When the records are reproduced, each one must match exactly, and no picture may be kept.

──────── PROVIDED ENTRIES

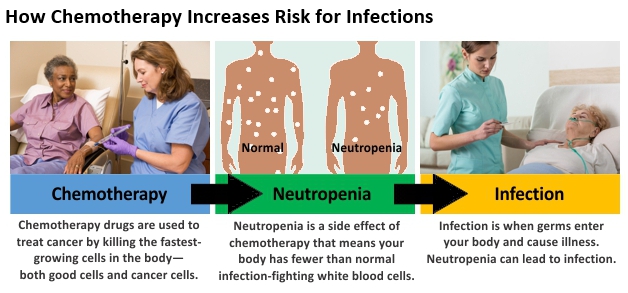 Diagram showing how chemotherapy increases risk for infections. Chemotherapy drugs are used to treat cancer by killing the fastest-growing cells in the body; both good cells and cancer cells. Neutropenia is a side effect of chemotherapy that means your body has fewer than normal infection-fighting white blood cells. Infection is when germs enter your body and cause illness. Neutropenia can lead to infection.
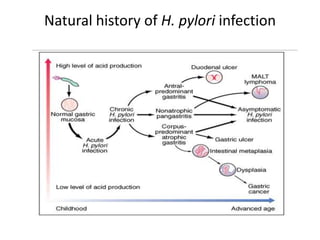 Natural history of H. pylori infection
 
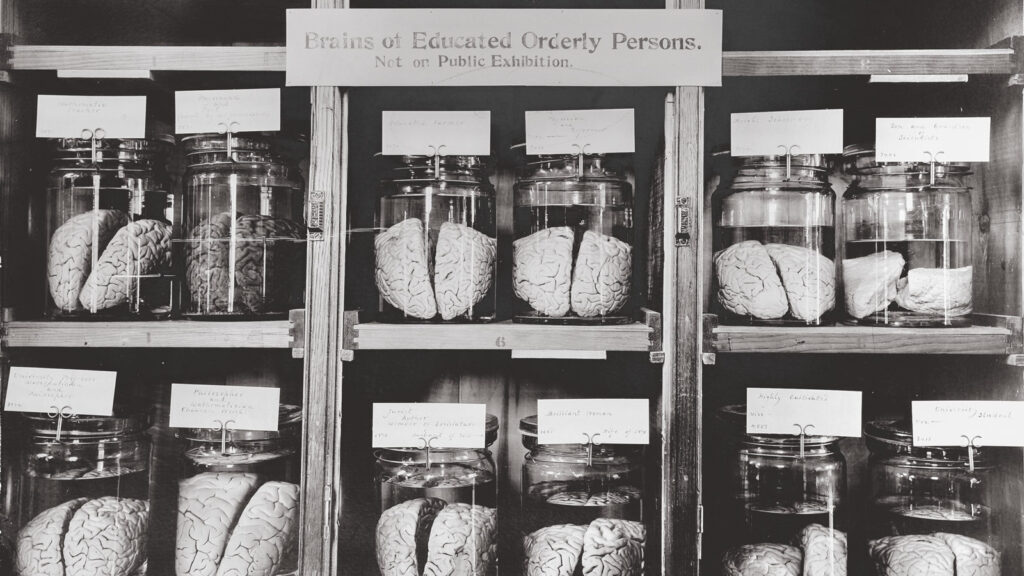 Brains on display: A detail view of part of the collection in the late 1800s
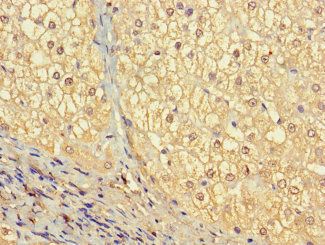 VTN Antibody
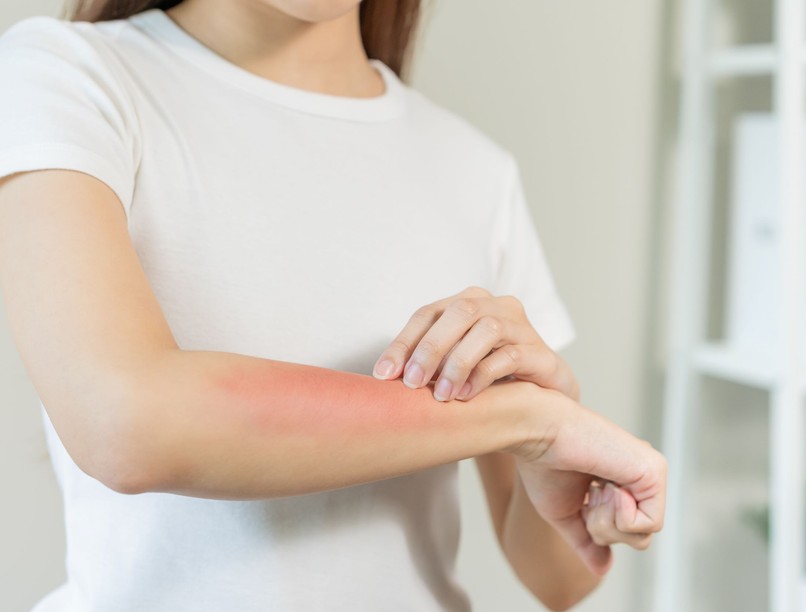 mosópor, allergia, kiütés, viszketés allergén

────────────────

TASK RESPONSE
 Diagram showing how chemotherapy increases risk for infections. Chemotherapy drugs are used to treat cancer by killing the fastest-growing cells in the body; both good cells and cancer cells. Neutropenia is a side effect of chemotherapy that means your body has fewer than normal infection-fighting white blood cells. Infection is when germs enter your body and cause illness. Neutropenia can lead to infection.
 Natural history of H. pylori infection
 
 Brains on display: A detail view of part of the collection in the late 1800s
 VTN Antibody
 mosópor, allergia, kiütés, viszketés allergén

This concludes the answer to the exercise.